┌────────

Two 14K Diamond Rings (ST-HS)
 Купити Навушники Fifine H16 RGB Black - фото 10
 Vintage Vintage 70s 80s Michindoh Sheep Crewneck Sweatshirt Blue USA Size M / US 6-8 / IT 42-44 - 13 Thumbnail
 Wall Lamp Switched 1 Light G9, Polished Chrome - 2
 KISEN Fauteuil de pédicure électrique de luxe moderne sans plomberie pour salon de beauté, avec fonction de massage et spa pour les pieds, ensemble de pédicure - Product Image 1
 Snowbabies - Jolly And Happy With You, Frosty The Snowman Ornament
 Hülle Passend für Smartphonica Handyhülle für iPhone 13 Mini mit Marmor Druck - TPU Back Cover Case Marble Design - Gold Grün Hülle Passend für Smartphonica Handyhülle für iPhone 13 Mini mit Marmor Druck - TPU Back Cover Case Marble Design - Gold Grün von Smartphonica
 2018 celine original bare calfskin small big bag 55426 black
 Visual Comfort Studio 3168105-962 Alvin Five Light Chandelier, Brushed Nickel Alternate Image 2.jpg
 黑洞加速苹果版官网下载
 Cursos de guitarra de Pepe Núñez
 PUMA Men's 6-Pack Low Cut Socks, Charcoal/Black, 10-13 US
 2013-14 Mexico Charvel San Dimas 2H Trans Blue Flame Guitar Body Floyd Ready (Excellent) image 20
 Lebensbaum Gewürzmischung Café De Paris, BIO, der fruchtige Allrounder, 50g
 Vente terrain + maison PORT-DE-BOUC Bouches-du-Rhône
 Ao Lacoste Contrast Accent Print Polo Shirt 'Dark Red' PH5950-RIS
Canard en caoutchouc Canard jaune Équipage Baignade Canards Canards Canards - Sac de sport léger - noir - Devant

└────────

- [TASK TO COMPLETE] From the line with "Ao Lacoste Contrast" to the final line of the entries above, return every line exactly as written.

- [THE COMPLETED TASK]
 Ao Lacoste Contrast Accent Print Polo Shirt 'Dark Red' PH5950-RIS
Canard en caoutchouc Canard jaune Équipage Baignade Canards Canards Canards - Sac de sport léger - noir - Devant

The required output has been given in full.